Forse il dato più sorprendente è proprio quello relativo al grado di istruzione: «Su circa 4mila senzatetto intervistati, il 30 per cento dichiara di aver concluso gli studi superiori, il 7 per cento di aver addirittura conseguito la laurea».
Non sono fannulloni, ma lavorano quando e come possono: in un periodo difficile per tutti, spesso non ricavano più di un’occupazione interinale o di qualche attività in nero.
Le ragioni della loro vita raminga sono meno scontate di quel che si pensa. Per gli stranieri «la vita per strada è una condizione temporanea, dovuta all’immigrazione. Chi arriva nel nostro paese spesso non ha lavoro, non conosce la lingua, non ha i documenti in regola. Per questo non riesce a trovare casa e si accontenta del marciapiede, almeno i primi tempi».
Il clochard italiano, invece, «nella maggior parte dei casi ha subito un grave trauma: ha divorziato, perso il lavoro, si è ritrovato senza casa da un giorno all’altro».

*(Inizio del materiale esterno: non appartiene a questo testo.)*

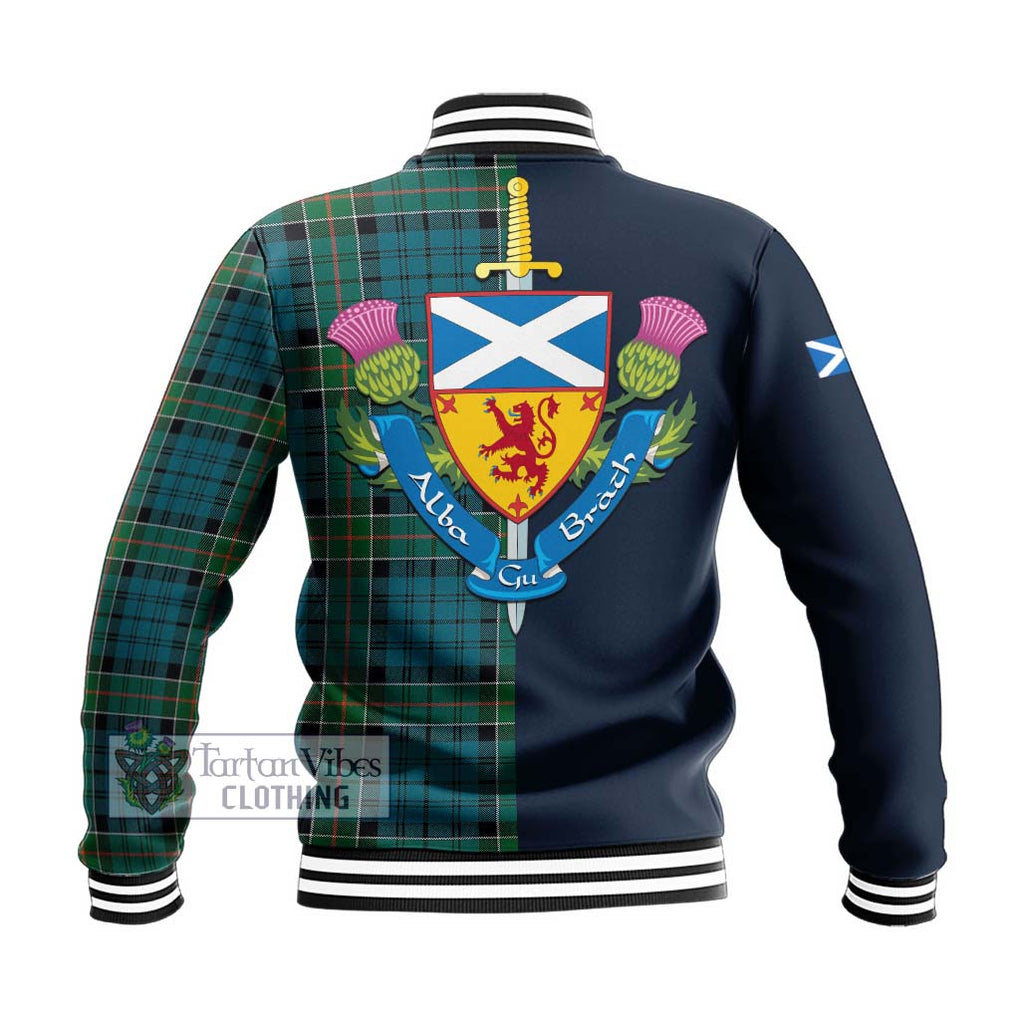 Tartan Vibes Clothing Kirkpatrick Tartan Baseball Jacket with Scottish Lion Royal Arm Half Style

Stando alla ricerca della Bocconi, quindi, è lontano dalla verità lo stereotipo del barbone alcolista: «droga e dipendenza dall’alcol coinvolgono solo il nove per cento dei clochard».
Insomma, per le anime in pena che i milanesi scorgono sotto i portici del centro cittadino alla sera infagottate in una coperta e circondate di stracci, «dormire in strada non è una scelta, ma la conseguenza di traumi sociali e familiari».
Il Giornale, commentando l’indagine, nota giustamente che si tratta di un quadro molto lontano dall’immaginario collettivo. Noi aggiungiamo che questa indagine offre una nuova possibilità: non ai clochard, ma a noi.
A quanto pare sono pochi i barboni-filosofi raccontati spesso nei telegiornali, personaggi eccentrici che rivendicano la loro libertà anche a costo di una rinuncia parziale alla dignità.
La maggior parte dei senzatetto vive una realtà molto più prosaica: dietro quelle facce spaurite e sporche si nasconde un dolore, un dramma, una disgrazia.
Spesso li guardiamo con indifferenza, fastidio, forse anche con un po’ di paura. Magari da oggi potremo osservarli con occhi nuovi.